WORK TASK: Leave out every picture and set down, exactly, the lines below from the one holding "If you like" up to and including the one holding "Why are houses".

DATA SHOWN:

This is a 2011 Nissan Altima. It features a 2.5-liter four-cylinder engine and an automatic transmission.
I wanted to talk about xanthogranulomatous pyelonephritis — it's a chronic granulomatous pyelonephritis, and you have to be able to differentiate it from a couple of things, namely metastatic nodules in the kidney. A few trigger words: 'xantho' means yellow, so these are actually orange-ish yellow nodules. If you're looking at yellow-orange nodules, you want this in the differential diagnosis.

* * *

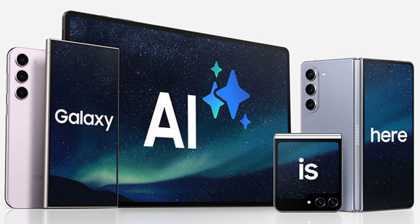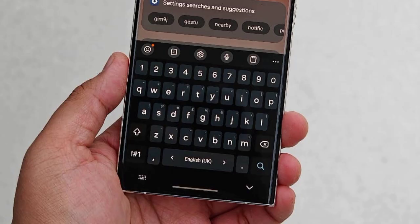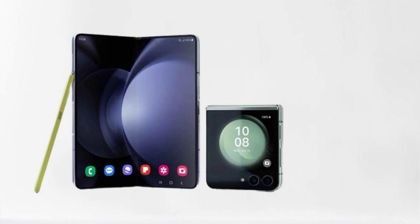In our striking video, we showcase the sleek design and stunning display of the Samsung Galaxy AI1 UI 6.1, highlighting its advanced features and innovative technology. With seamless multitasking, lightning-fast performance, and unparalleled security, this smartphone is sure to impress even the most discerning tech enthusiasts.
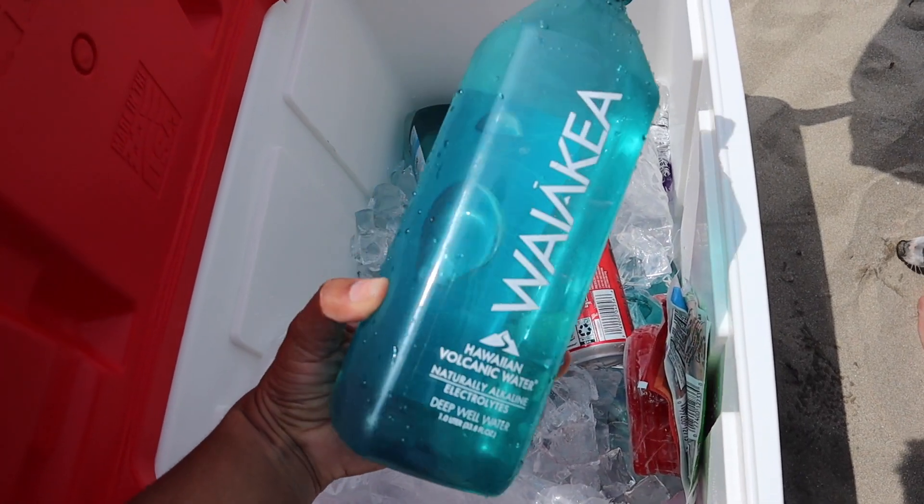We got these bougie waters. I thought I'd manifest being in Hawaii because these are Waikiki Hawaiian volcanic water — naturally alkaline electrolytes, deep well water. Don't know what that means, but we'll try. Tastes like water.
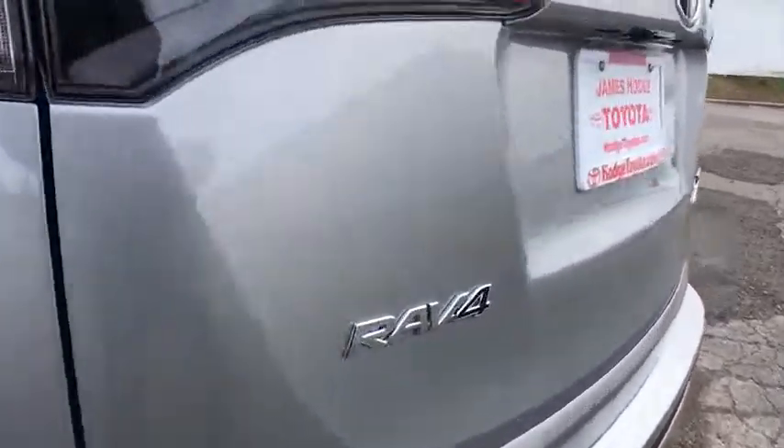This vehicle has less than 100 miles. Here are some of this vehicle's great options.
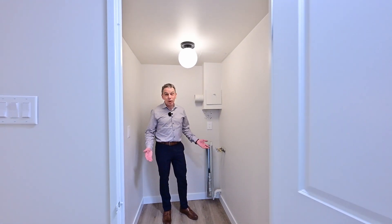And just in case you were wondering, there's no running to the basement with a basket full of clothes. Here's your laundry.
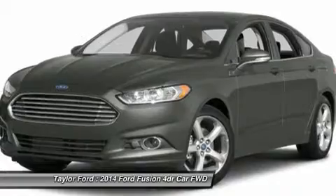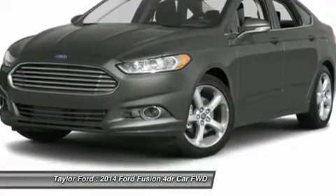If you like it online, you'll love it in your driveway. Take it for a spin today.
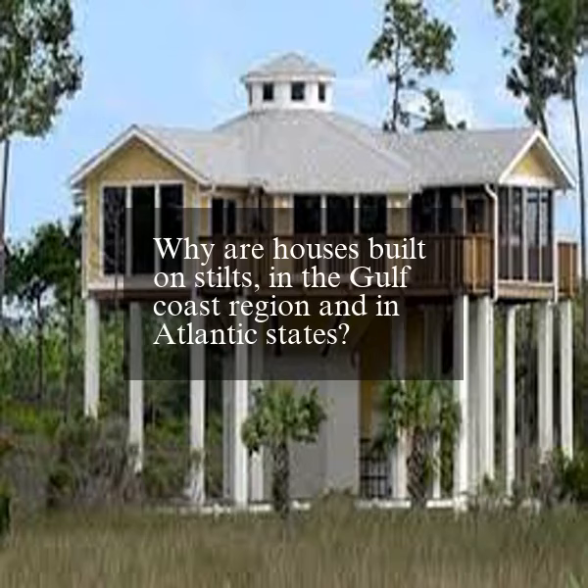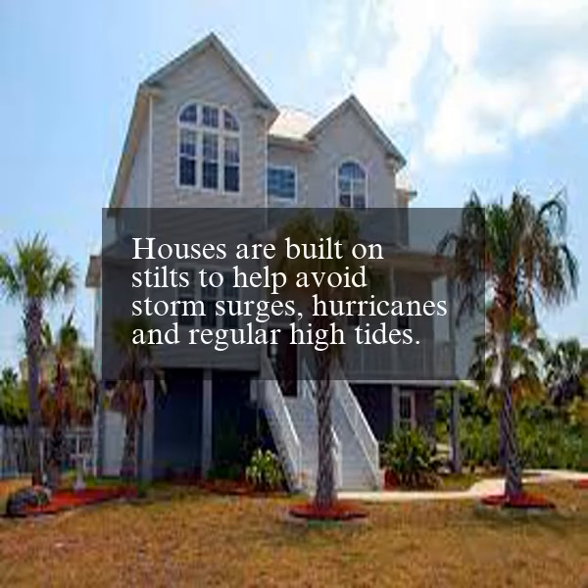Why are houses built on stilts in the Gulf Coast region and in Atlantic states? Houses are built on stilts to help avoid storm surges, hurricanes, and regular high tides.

EXERCISE SOLUTION:
If you like it online, you'll love it in your driveway. Take it for a spin today.
Why are houses built on stilts in the Gulf Coast region and in Atlantic states? Houses are built on stilts to help avoid storm surges, hurricanes, and regular high tides.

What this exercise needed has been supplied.